Since the encoding-selector currently is only intended to inform Atom of the encoding being employed by the file and not to convert between encodings, it seems as if this is the best possible behavior. If the encoding-selector is given the ability to convert between encodings as recommended in #7, the behavior should end up more to your liking @afischli.

Please let me know if I've misunderstood things.

afischli commented 8 years ago

I fear you may have complicated things unnecessarily. While I fully concur that Atom does and should not convert between encodings, some of the statements you make, need some amendments.

1) No this is NOT a duplicate of #7. What I report on is not a request for a new behavior of Atom, i.e. a feature that would convert among encodings.

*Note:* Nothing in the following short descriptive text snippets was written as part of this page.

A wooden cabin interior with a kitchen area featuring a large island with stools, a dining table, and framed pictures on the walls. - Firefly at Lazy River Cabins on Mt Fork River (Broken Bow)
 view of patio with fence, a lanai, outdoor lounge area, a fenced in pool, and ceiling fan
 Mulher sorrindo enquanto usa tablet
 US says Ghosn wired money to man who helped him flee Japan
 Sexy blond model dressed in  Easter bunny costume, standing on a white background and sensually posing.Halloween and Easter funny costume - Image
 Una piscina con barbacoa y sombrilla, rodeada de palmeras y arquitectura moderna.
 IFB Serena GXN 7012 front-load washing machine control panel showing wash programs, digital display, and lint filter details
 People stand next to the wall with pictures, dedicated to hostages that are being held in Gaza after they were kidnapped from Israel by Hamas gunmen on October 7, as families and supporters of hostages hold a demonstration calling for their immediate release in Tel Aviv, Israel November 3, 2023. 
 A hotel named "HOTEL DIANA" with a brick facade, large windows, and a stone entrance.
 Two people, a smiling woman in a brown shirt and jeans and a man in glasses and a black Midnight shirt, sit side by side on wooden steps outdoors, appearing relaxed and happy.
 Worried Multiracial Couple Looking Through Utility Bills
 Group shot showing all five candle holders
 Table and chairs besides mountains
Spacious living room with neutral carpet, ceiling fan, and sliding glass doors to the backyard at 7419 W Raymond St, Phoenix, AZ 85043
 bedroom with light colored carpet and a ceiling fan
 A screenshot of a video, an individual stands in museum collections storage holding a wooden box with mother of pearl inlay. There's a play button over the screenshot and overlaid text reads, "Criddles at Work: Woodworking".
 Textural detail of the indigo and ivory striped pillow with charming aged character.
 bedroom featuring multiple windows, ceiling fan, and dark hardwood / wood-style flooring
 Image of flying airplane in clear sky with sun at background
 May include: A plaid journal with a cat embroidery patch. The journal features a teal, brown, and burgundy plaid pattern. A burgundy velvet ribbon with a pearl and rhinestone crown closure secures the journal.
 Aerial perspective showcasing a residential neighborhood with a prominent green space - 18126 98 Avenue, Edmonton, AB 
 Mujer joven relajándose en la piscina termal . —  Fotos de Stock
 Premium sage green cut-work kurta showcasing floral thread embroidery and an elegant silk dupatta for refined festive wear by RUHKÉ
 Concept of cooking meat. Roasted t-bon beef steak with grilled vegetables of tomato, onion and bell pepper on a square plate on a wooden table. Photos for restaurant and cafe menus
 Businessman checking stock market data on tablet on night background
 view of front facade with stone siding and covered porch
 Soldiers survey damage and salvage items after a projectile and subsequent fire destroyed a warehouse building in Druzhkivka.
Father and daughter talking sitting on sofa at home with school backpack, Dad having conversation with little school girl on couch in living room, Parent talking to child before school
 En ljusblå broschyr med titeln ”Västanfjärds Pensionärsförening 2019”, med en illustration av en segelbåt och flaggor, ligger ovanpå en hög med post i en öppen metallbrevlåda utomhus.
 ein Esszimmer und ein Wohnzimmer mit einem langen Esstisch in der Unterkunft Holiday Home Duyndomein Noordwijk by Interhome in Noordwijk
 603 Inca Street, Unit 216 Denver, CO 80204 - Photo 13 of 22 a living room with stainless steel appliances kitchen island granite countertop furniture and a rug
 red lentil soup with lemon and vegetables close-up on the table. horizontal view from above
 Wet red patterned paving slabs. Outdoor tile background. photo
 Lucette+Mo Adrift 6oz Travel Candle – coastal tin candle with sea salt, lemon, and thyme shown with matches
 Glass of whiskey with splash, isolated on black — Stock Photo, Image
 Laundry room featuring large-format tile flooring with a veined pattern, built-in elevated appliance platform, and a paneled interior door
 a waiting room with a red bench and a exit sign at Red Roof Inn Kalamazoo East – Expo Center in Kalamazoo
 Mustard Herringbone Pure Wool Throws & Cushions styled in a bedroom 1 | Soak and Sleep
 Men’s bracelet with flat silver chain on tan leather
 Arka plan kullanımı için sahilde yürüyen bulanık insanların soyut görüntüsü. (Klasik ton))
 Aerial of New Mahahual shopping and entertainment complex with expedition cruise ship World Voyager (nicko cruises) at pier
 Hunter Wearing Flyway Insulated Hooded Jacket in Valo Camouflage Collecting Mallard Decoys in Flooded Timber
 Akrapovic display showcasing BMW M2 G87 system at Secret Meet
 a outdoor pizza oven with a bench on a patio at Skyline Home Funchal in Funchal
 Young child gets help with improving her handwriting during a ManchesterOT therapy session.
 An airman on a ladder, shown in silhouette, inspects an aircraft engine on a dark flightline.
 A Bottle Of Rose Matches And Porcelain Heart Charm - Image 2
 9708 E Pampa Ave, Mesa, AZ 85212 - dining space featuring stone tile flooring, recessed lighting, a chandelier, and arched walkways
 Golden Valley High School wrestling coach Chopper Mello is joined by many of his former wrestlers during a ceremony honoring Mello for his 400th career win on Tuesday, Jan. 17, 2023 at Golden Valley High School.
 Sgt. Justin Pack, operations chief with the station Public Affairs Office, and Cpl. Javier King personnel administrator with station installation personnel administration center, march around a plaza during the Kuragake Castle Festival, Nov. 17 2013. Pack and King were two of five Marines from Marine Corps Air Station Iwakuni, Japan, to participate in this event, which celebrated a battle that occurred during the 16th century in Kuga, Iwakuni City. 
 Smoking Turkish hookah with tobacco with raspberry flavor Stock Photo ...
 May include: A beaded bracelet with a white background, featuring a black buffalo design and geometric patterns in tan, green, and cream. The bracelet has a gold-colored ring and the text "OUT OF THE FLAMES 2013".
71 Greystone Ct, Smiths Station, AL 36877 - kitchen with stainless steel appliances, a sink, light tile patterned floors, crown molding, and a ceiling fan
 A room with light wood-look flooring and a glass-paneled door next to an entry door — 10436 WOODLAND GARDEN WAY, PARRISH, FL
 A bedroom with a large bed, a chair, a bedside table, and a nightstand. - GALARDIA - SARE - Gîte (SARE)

I report on what I believe is a bug, since Atom behaves inconsistently, i.e. it does convert partly, where it should not and thus creates a mess.

2) You write "Since the encoding for the characters in step 3 result in invalid UTF-8 sequences (the hex values for them are 8A 9A 9F 80 85 86)". I wish to correct/improve on that, since your argument sounds a bit like the behavior of Atom would be justified ('Since ..."). Please note, I believe Atom has no "right" in the first place to change anything of the content of the file, i.e. the hex sequence.

3) The Umlaute entered in "Western (Mac Roman)" have nothing to do with UTF-8 and need to be stored as entered.

4) This also means that saving should actually not matter, since saving should always (remember without any conversion feature) not change anything in the byte sequence (identical, unchanged hex sequence). Remember, encoding means only wanted interpretation of the hex sequence.

5) Switching encodings must not change anything. The very same, unchanged hex sequence is either displayed according to the encoding correctly or if the encoding does not match what's in the file, then the display may be "wrong" from a human's perspective, i.e. makes no longer sense. But upon switching back to the original encoding, Atom should always be able to restore what you originally entered.

6) This is clearly not the case with current Atom. But this is demonstrated only by my sequence. Yours you suggest fails to go back to "Western (Mac Roman)" encoding, the essential test. There is no need to ever having to know anything about hex codes if you merely wish to reproduce the bug.

6) Please do not forget what I observed later, i.e. you can restore the original correct display in the original "Western (Mac Roman)" encoding. You simply have to switch back and forth twice. Again, I believe this only confirms the bug.

7) Any consideration of actual conversions may be interesting (#7), but I would suggest to leave that aside and to separate clearly from this bug discussion, since they have nothing to do with each other. At best we might consider explaining a bit better and more conspicuously that the switch in the status-bar does not convert, i.e. does not alter the file content in any way.

8) So please, let's stick to my sequence of steps to reproduce the bug.

On the other hand for the debugging of this bug, of course, there the hex package may come very handy to learn why and when exactly Atom produces this bug and converts bytes wrongly it should leave untouched. My suspicion with no further testing is that it makes the mistake at the very beginning, i.e. uses UTF-8 or something else in the middle of "Western (Mac Roman)" editing by using hex 8A for Umlaut 'ä' (lower case a) instead of the correct hex E4 etc. Or something else is going wrong here.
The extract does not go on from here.